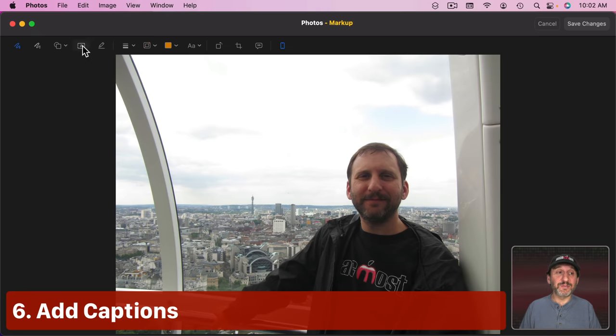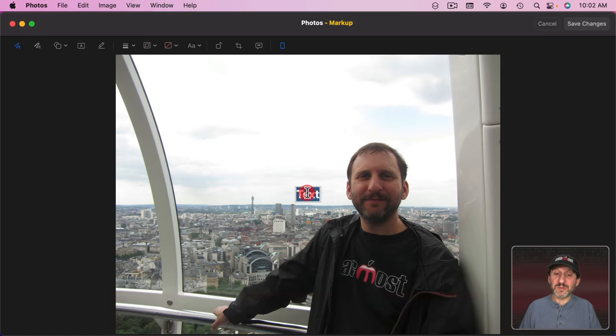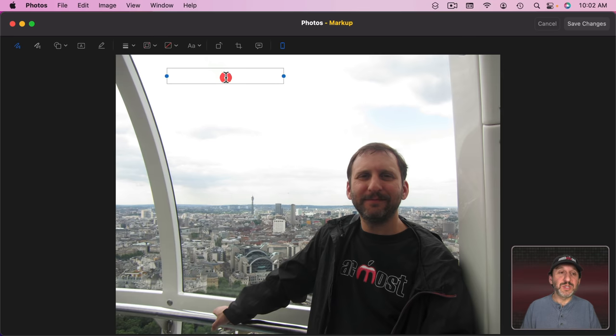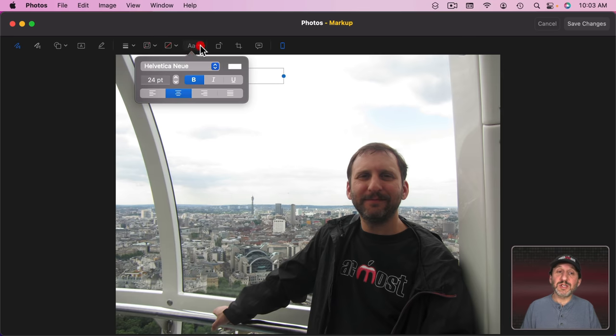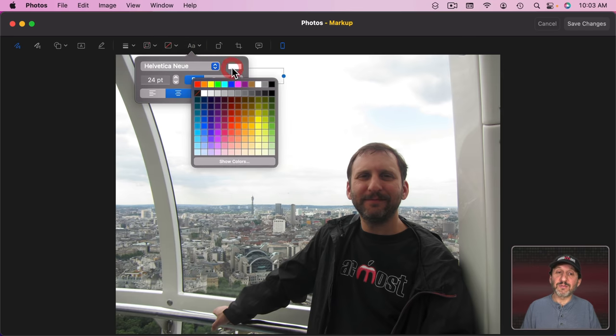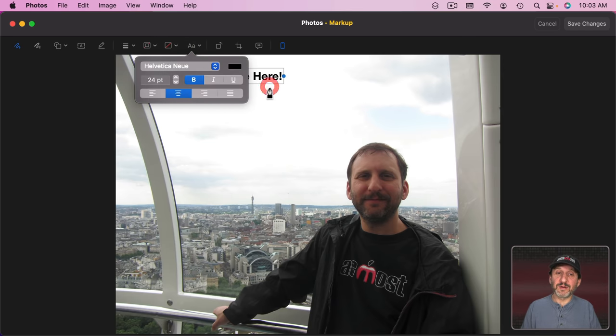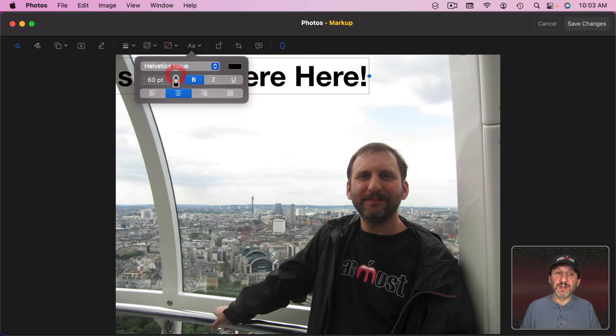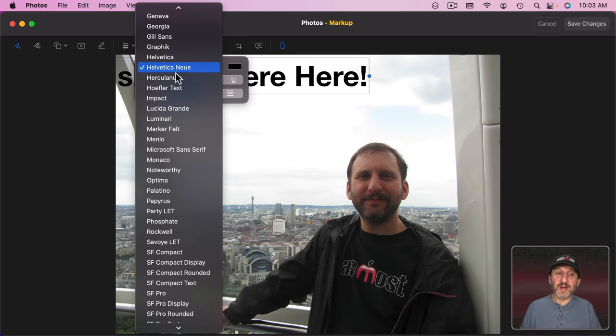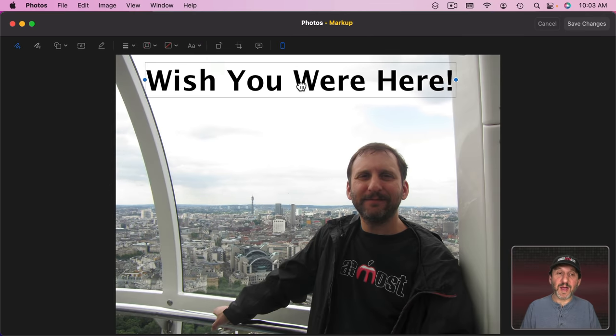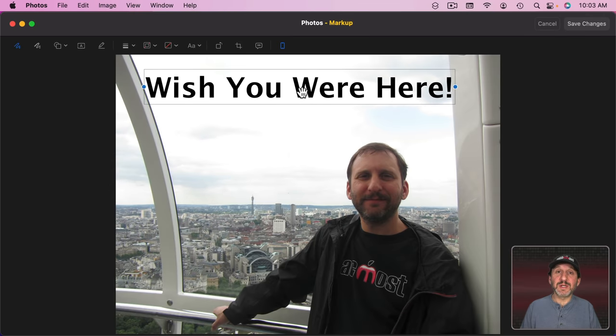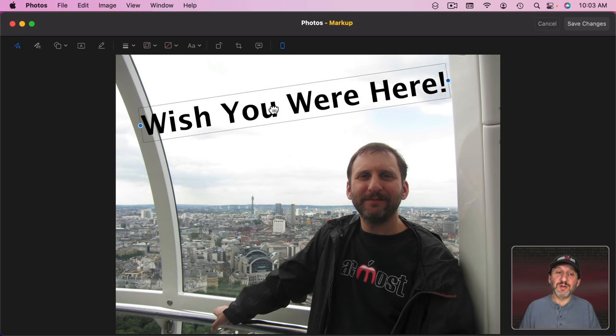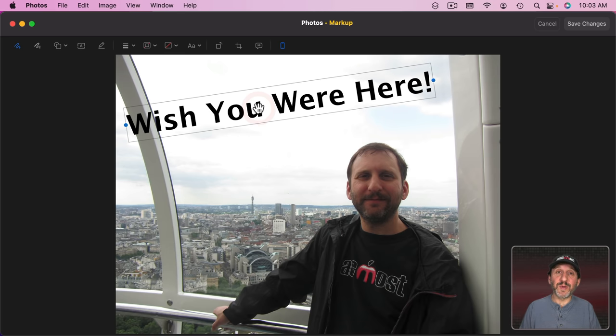Now you can also just add text to your photo. Just click right here and then you get this little text box. You can type what you want. Position it. Change its color right in here and then make it larger as well. Change the font to something else and then drag to position it. You can even rotate the text using a trackpad. Just two fingers on the trackpad and twist and you can rotate it a little bit.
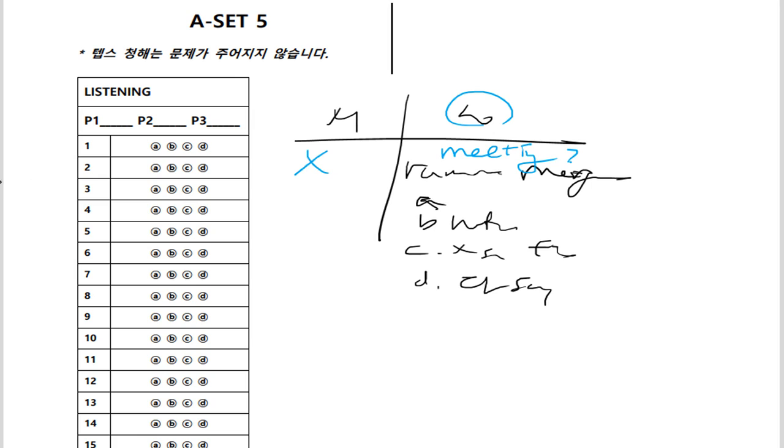자, was it about the rumored merger? 자, rumored merger 뭐예요? Rumored merger? What does it mean? What is it about the rumored merger? Rumored merger? 무슨 뜻이에요?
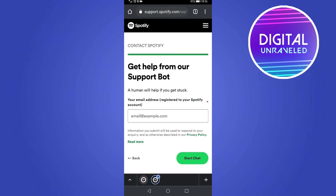You need to enter the email address connected to your account. But if you don't know your email address, type out the last email address you remember that you might have connected to your Spotify account. Then tap 'Start Chat' and go through the process of explaining why you can't get in, giving them all the email addresses you have on hand that might be connected.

+===+

▸ **TO DO**: With the pictures omitted, reproduce the data above exactly.

▸ **TASK RESPONSE**:
Now you can also just add text to your photo. Just click right here and then you get this little text box. You can type what you want. Position it. Change its color right in here and then make it larger as well. Change the font to something else and then drag to position it. You can even rotate the text using a trackpad. Just two fingers on the trackpad and twist and you can rotate it a little bit.
자, was it about the rumored merger? 자, rumored merger 뭐예요? Rumored merger? What does it mean? What is it about the rumored merger? Rumored merger? 무슨 뜻이에요?
You need to enter the email address connected to your account. But if you don't know your email address, type out the last email address you remember that you might have connected to your Spotify account. Then tap 'Start Chat' and go through the process of explaining why you can't get in, giving them all the email addresses you have on hand that might be connected.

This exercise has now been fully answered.